Lua as Human-Readable Serialization Format

It was this time of year again and I was asked to prepare a definition for clang-format. I had a style guideline document to work with, so the task was rather straightforward. Similarly to Google's C++ Style Guideline it requested to group headers in: C system and standard headers, C++ standard library headers, other library headers, and project headers. And so, my first thought was to use the default Regroup behaviour.

Until I noticed that they use angle-brackets for other libraries together with an .h extension. Of course, this matched with the default C-group regex. The strictest and the second easiest solution here is to make the regex contain a list of alternatives with all of the headers. This requires some maintenance and I decided to have a bit of fun with it.

There is a somewhat common practice for serializing data for later use in Lua scripts that looks similar to this:

return {
	name = "Henry",
	position = {x=0, y=0},
}

This makes use of how modules and importing them works. In short, module script is interpreted and value of the final return is used as the value for the "module". In this case the script is a lone return-statement with no logic involved. This somewhat declarative-like style is purely conventional. More commonly the returned value is a table of functions, exactly what we would consider a "normal module", or a class.

In the example above we are not really sure what kind of thing we are dealing with. To stay consistent we could add a type = "slime", to the table. Now reader would know what they are dealing with. Of course, scheme would remain assumed on the user side. Building an object from there could be a straightforward table lookup. Alternatively, we could rely on function call syntactic sugar and prefix the definitions with types:

return Slime{
	name = "Henry",
	position = Vec2{x=0, y=0},
}

This too is a table lookup, but the responsibility shifts a bit from the user implementation to the execution environment. Loading would become trickier this way, but increased preparation complexity can be desired to e.g., cause errors in an unknown or otherwise unintended environment. If we simply want to make it run, setting global callable Slime and Vec2 is enough here.

henry the slime

It is somewhat similar to some use cases from history of Lua. The main common part is the syntactic sugar but this feels like a stretch as it can be observed quite often in a "regular" Lua code. Let's go one step further and remove the return:

Slime {
	name = "Henry",
	position = Vec2{x=0, y=0},
}

It now looks like some generic markup language. But the module loading mechanism will no longer work for us. Instead reader needs to use load. It conveniently has an option to specify execution environment. Additionally, a mechanism for tracking top-level statements in one way or another is needed.

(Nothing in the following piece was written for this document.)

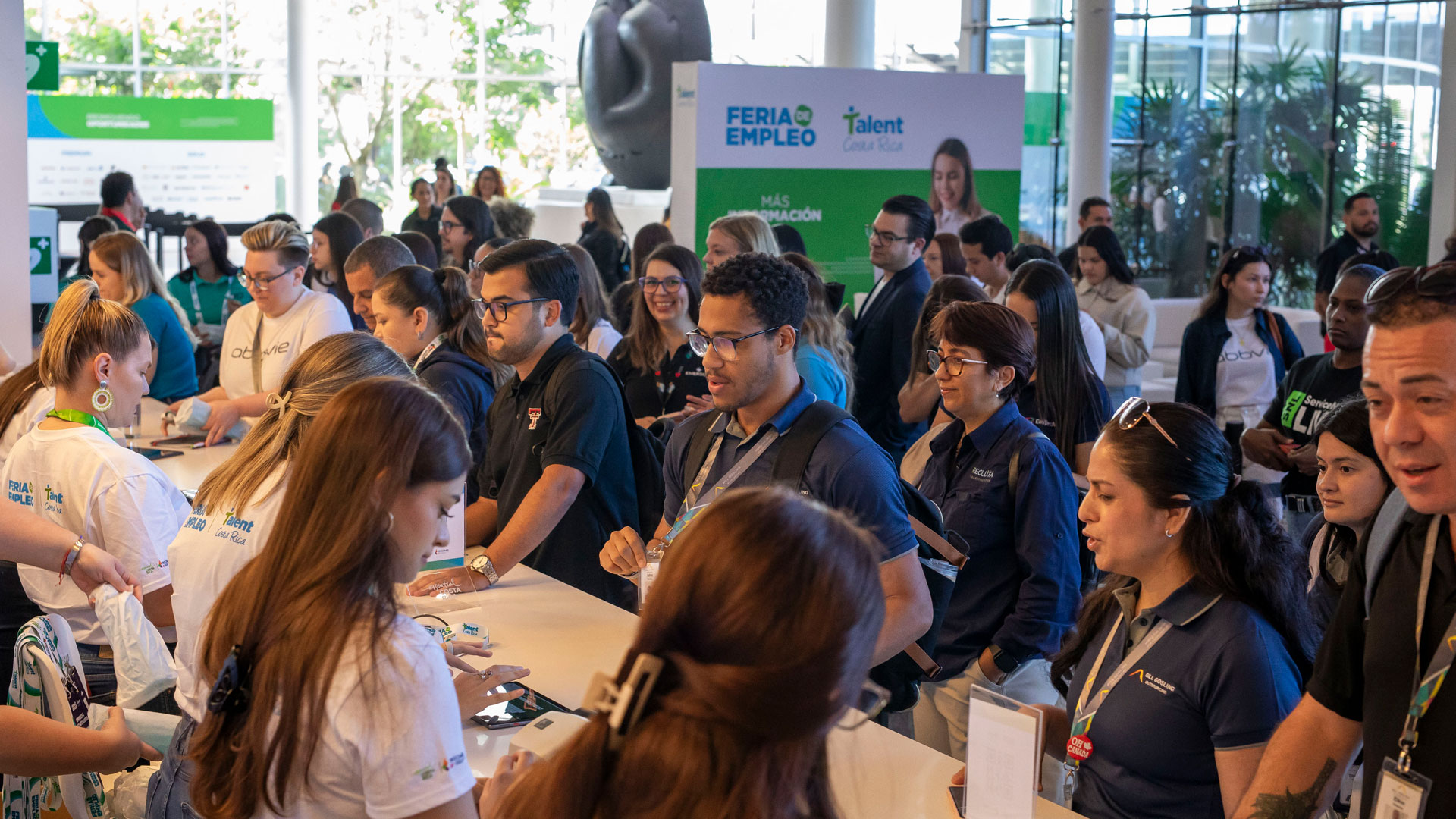 PROCOMER ofrece herramientas gratuitas que le ayudarán con la búsqueda de empleo en Costa Rica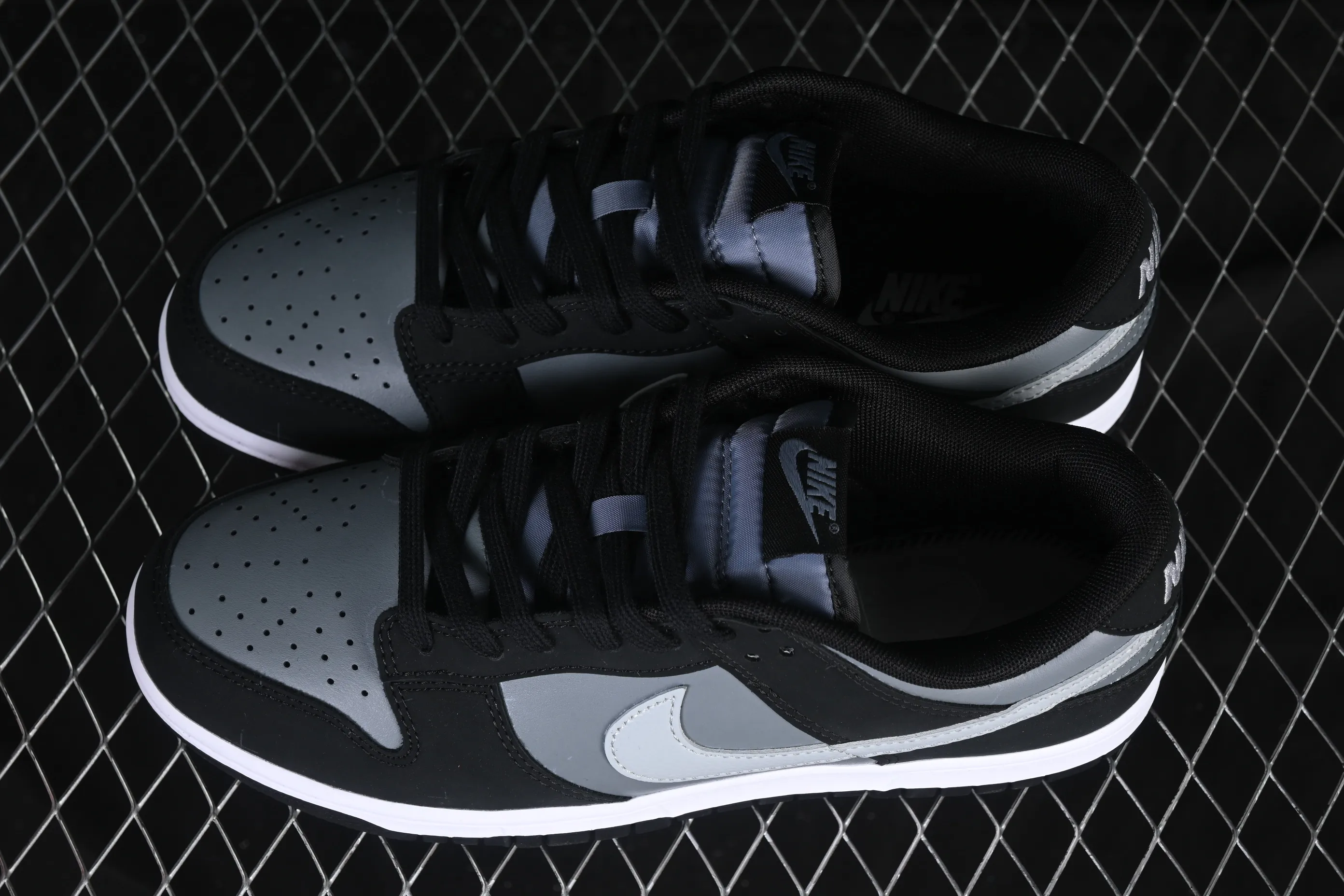 All categories Nk SB Dunk series Nk SB Dunk Low low-top sneakers Nike SB Dunk Low black gray low-top casual sneakers IB3079-001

This approach is somewhat similar to what Premake does. Surprisingly, this is also pretty close to regular register-event-callback approach for plugin systems (e.g., in vis). How so? The "tracking top-level statements" will result in a side-effect in some global or loader state. In callback approach, it's the event dispatcher or otherwise plugin system state that fulfils similar role. Additionally, API is usually exposed through environment (and not e.g., user function argument and plugin returned as module never able to directly interact with the API).

For my standards definitions I settled for the last style. It allows for multiple items without indention and I liked the idea at the time. It allowed me to play around and neatly layer parser, environment, and model. Final definitions looked like this:

scheme "headers/1"
aliases "ANSI C" {"ANSI X3.159-1989", "C89", "C90", "ISO/IEC 9899:1990"}
headers "ANSI C" {
	"assert.h",
	"ctype.h",
	...
}

It allowed for more complex structures with include and remove, for example:

headers "C++20" {
	include "C++17",
	remove "ciso646",
	"concepts",
	...
}

See headers for full source code. Command allowed me to get the list of headers and join into a regex:

$ headers C11 POSIX
aio.h
arpa/inet.h
assert.h
...

Except that I never joined them into a regex. After all considerations and some discussions we decided to use Preserve instead of Regroup, so that we wouldn't need to bother with any of the costs of grouping includes automatically.

I feel like re-implementing this in SQL.